Le film réalisé par Pierre Barouh en 1969 est diffusé vendredi 10 novembre au festival F.A.M.E. à Paris, dans le cadre d’un cycle consacré au parolier, compositeur, et cinéaste disparu l’année dernière. Retour sur le tournage et la vie de ce film-hommage aux plus talentueux représentants de la samba et de la bossa nova. 

Par Caroline Besse

Publié le 09 novembre 2017 à 16h30

Mis à jour le 08 décembre 2020 à 01h39

«Cest mon premier film, tourné au Brésil en 1969. Mon souhait ? C’est de vous emmener en voyage avec nous. » Ainsi commence Saravah, le film de Pierre Barouh, un documentaire, ou plutôt un document exceptionnel sur la musique brésilienne, que les spectateurs du festival F.A.M.E pourront découvrir ce vendredi soir à la Gaîté lyrique, à Paris.

Exceptionnel par la concentration de talents qu’il rassemble (le guitariste Baden Powell, le chanteur et saxophoniste Pixinguinha, la chanteuse Maria Bethânia ou les compositeurs Paulinho da Viola et João da Baiana) ; par sa forme : il fut tourné en trois jours à la faveur d’un tournage parallèle, et par sa rareté ; il fallut attendre plus de trente-cinq ans pour que le film soit édité en DVD en France ; mais aussi et surtout, par son aura.
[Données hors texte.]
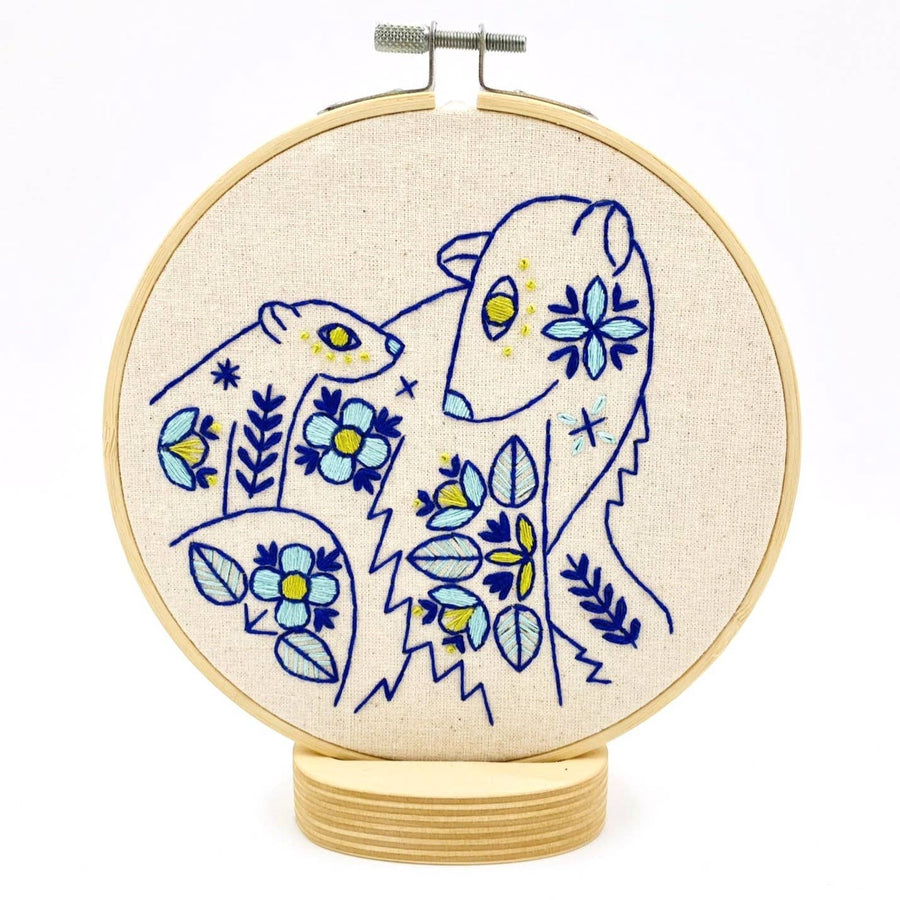 Folk Polar Bears Embroidery Kit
Près de cinquante ans après, ce film est en effet considéré comme culte au Brésil et par tous les amateurs de musique brésilienne. Il est aujourd’hui connu par tous les musiciens brésiliens, par tous les amateurs de samba, de bossa nova, ou tous les curieux de l’œuvre de Pierre Barouh, le parolier, compositeur, et cinéaste disparu l’année dernière.

Pourtant, ce film aurait pu ne jamais voir le jour, et les bandes, rester dans les placards de Saravah, la maison d’édition et de production créée au milieu des années 1960 par Pierre Barouh, dont les talents s’appelaient alors Brigitte Fontaine ou Jacques Higelin.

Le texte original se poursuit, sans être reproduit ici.